— About this task —
In the listing below, find the line containing "Golf Fever Wallpaper HD" and the line containing "Foto van de", then copy exactly everything from the first through the second, except the pictures.

━━ Data section

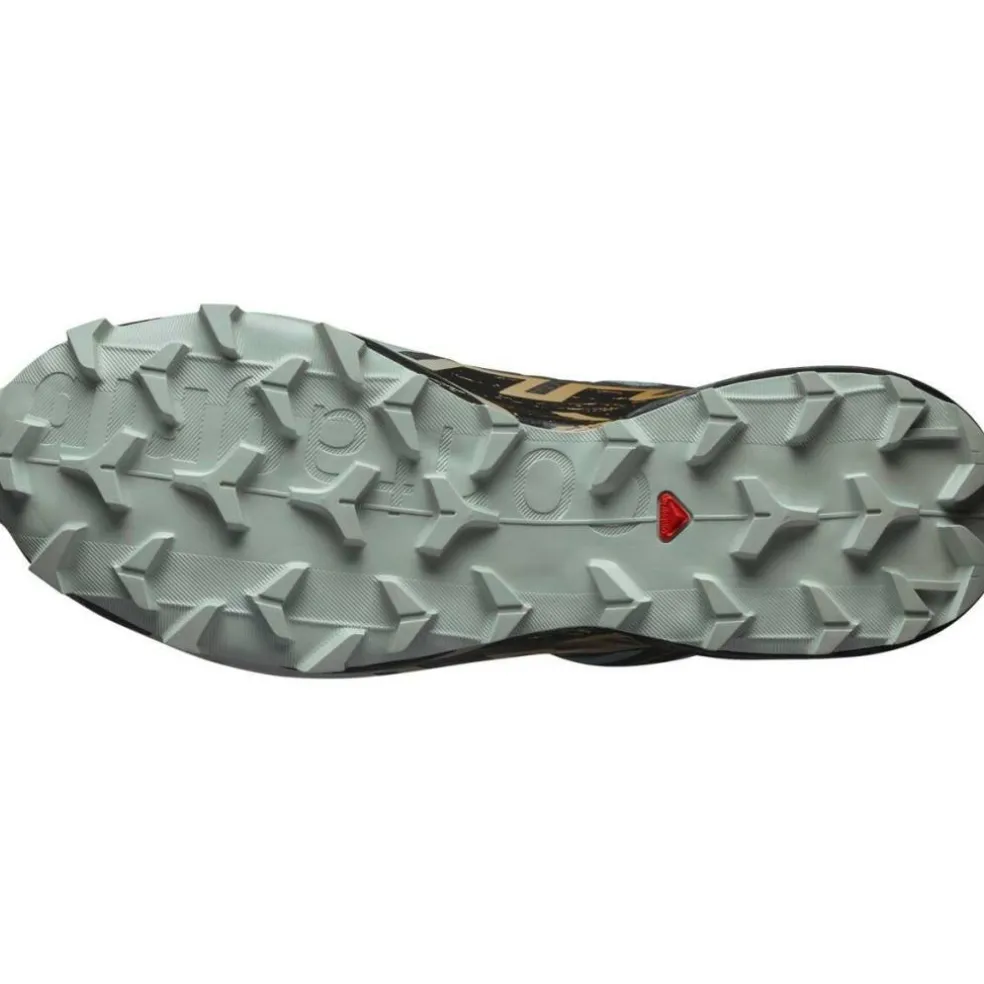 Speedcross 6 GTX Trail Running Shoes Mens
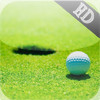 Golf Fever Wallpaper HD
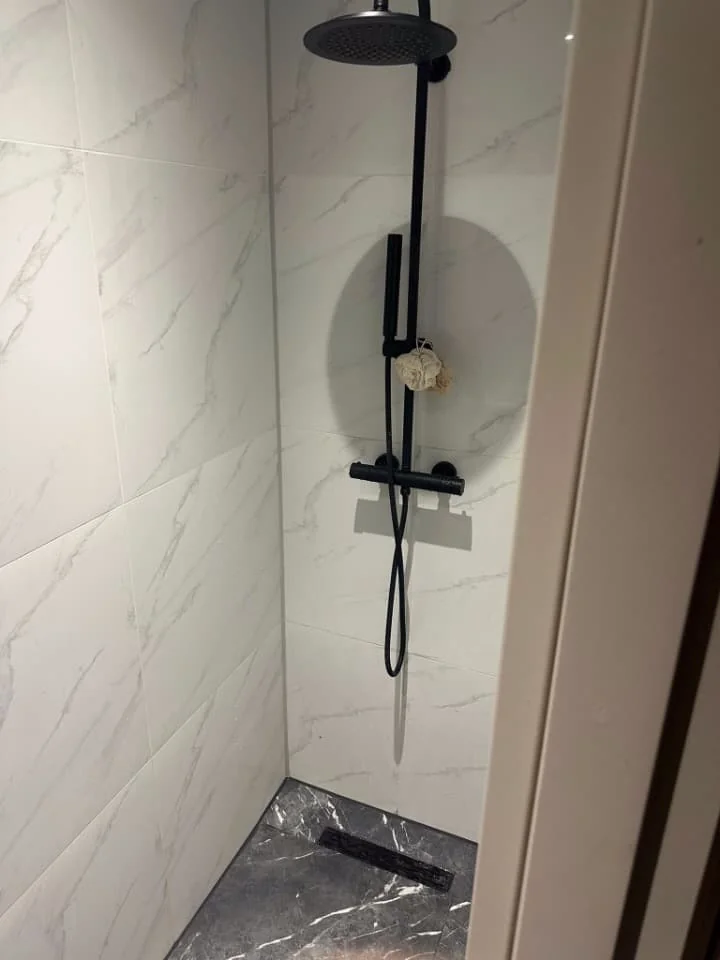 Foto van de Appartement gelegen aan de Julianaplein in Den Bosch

━━━━
━━ Data section

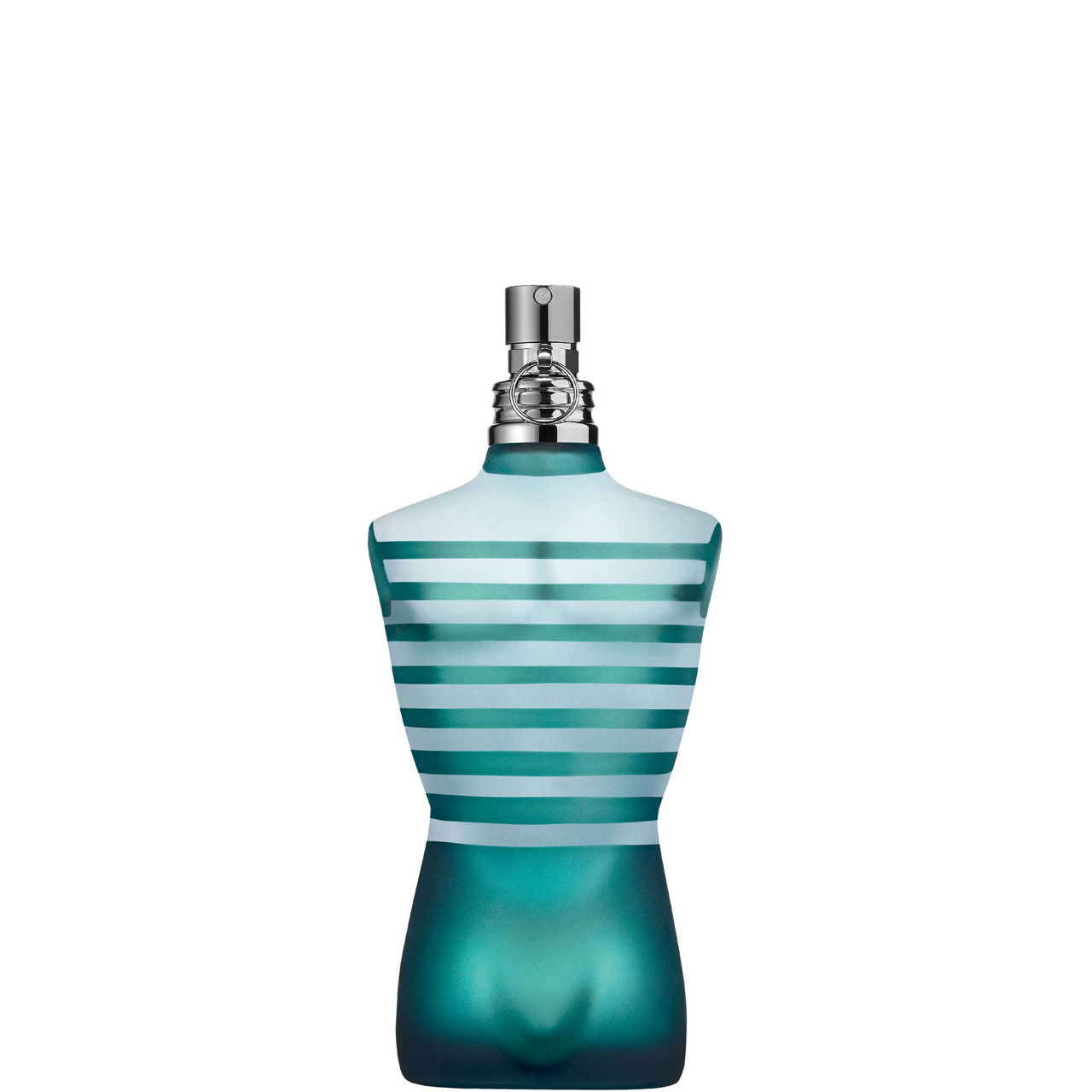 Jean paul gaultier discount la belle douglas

━━━━

— Solution to this exercise —
 Golf Fever Wallpaper HD
 Foto van de Appartement gelegen aan de Julianaplein in Den Bosch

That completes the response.